As it stands, Chrome for Business and IE have better support.

------
quesera
I hate that Mozilla is doing this.

But I concede that they are in a strategically weak position.

Google has no competition in the search space, so they don't _need_ Firefox's
traffic.

Microsoft _wants_ Firefox's traffic, but most Firefox users would (rightly or
wrongly) consider a default search engine change to be a downgrade.

It's also possible that both Google and Microsoft might decide that,
strategically, the web browser landscape would be preferable to them with one
less major player, each hopeful that their entry would take up the majority of
the gap. So they might non-collusively collude to starve Mozilla.

Where else can Mozilla make hundreds of millions of dollars per year in
revenue by throwing a switch? They are at the whim of corporations whose
interests are not well-aligned with their mission.

So, reluctantly, I get it.

Still, the likelihood that Mozilla can turn itself into a major advertising
medium seems so remote to me. Sure, they hired the ad biz dude, and no doubt
he has minions to sell sell SELL!, but replacing Google revenue is a big hill
to climb.

Mozilla has an expansive mission. No one else is trying to do what they do. I
believe that they deserve our support more than anyone else. They may have
expanded well beyond the point of supportability, however.

If they lose Google, and Microsoft wants them to starve, even with this adrev
move, their revenue would almost certainly drop to 20-30% (at most) of the
current $300MM. That's a lot of people and a lot of projects that will be
cancelled. It would be a new crisis of the web, honestly.

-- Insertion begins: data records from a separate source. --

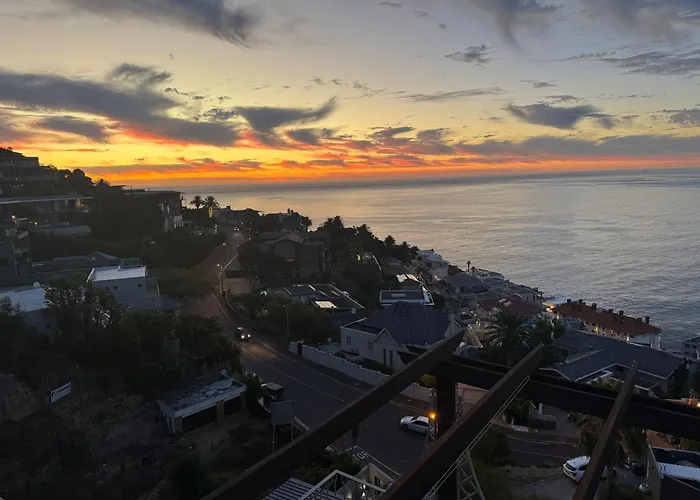 Villa Del Mar - \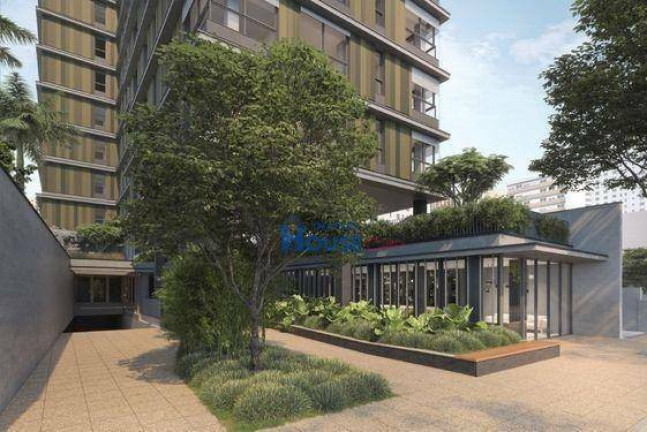 Imagem Apartamento com 3 Quartos à Venda, 187 m² em Pinheiros - São Paulo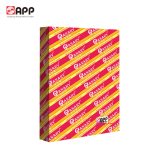 APP Jinguang APP Canary Special Grade (CANARY) A4/70g a4 paper full box double-sided printing without paper jam high-grade copy paper 5 packs/box (2500 sheets) - Image 2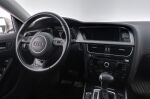 Audi A5 2012 Hopea
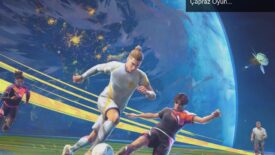 Sifu Geliştiricisinden Yeni Savaş Deneyimi: Rematch ile Çapraz Oyun Desteği Ne Olacak?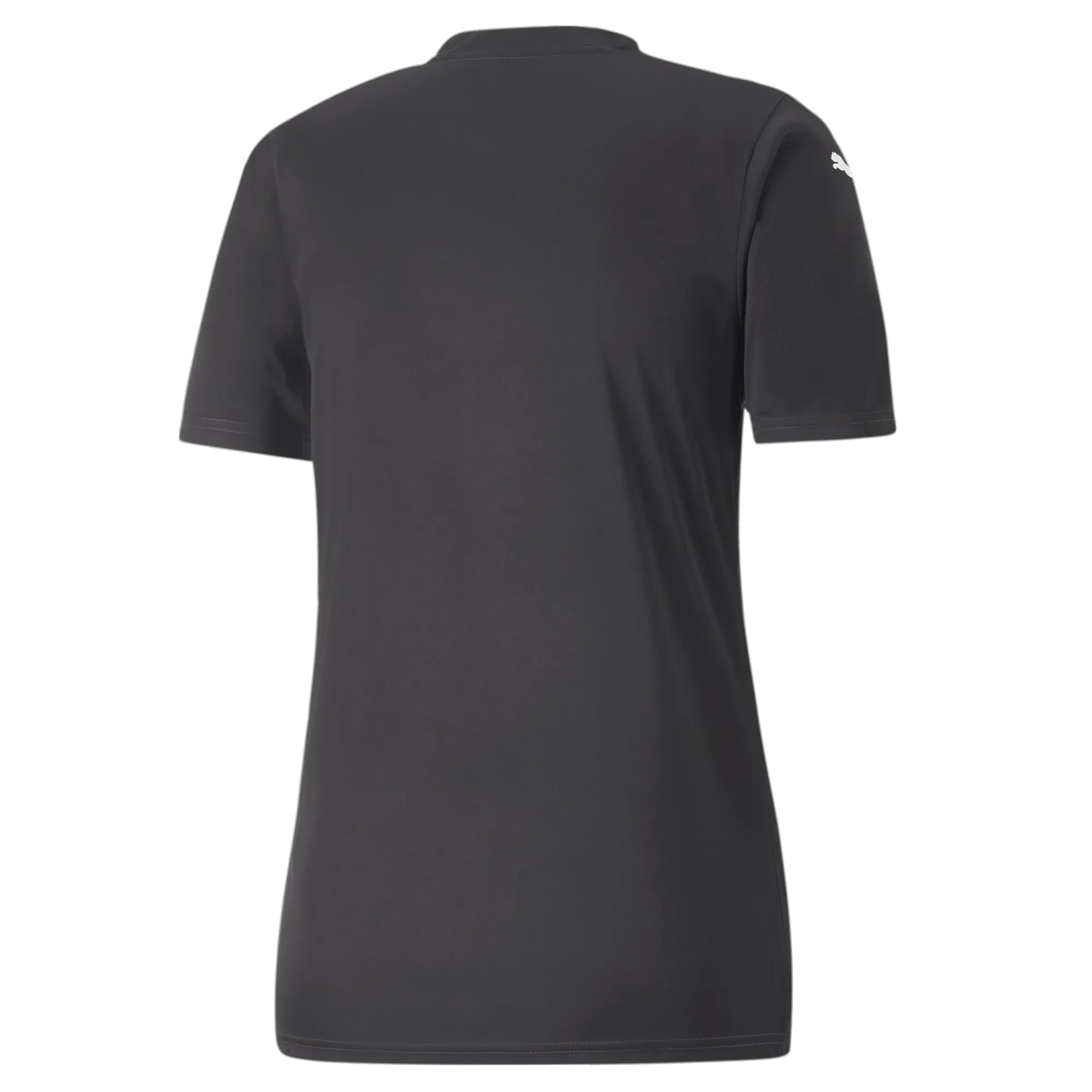 Puma TeamGlory Women Jersey Puma Black (Back)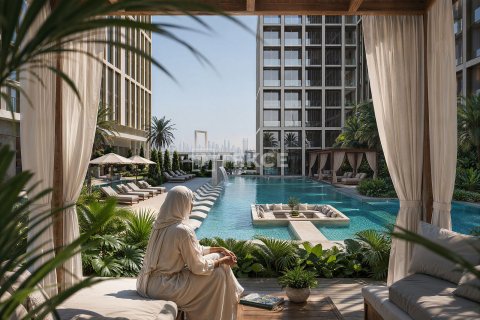 Apartment in Dubai 2 bedrooms, 94 sq.m. № 141167 - photo 14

If this advertising move alienates any portion of their userbase, Mozilla's
importance to Google declines even more quickly than their potential
independent ad revenue.

So I'm biting this bullet, hard. I believe in Mozilla, and I recognize an
existential threat to their mission, which is even more obviously important
today than 18 months ago. Hindsight suggests some helpful defensive moves, but
we are here, now.

I understand the "ok then, switching to xx browser" reactions, and even
sympathize with the "whatevs, as long as I can turn it off" crowd.

But we need to give Mozilla the option of a soft landing. Maybe they need to
rein in their projects and staff expenditures and focus on a few super
important things. But letting them starve would be catastrophic.

The Google contract was supposed to expire this month. Do we think Google is
now evil enough to try to game their advantage, in the guise of shifting
corporate priorities? I sure hope not.

------
cJ0th
It is unclear to me how those ads will help Firefox. Some people will be
disgruntled by this move and stop using Firefox.(Ironically, those will be the
people who are most likely to donate money) Those that keep using Firefox
probably have the intention to visit an address when they open up a new tab.
Why would they stop for a while before typing in the address to look at those
ads?

------
go_prodev
If Citrix remote desktop worked properly in Chrome I wouldn't ever use
Firefox. This post reminded me to give Chrome another try...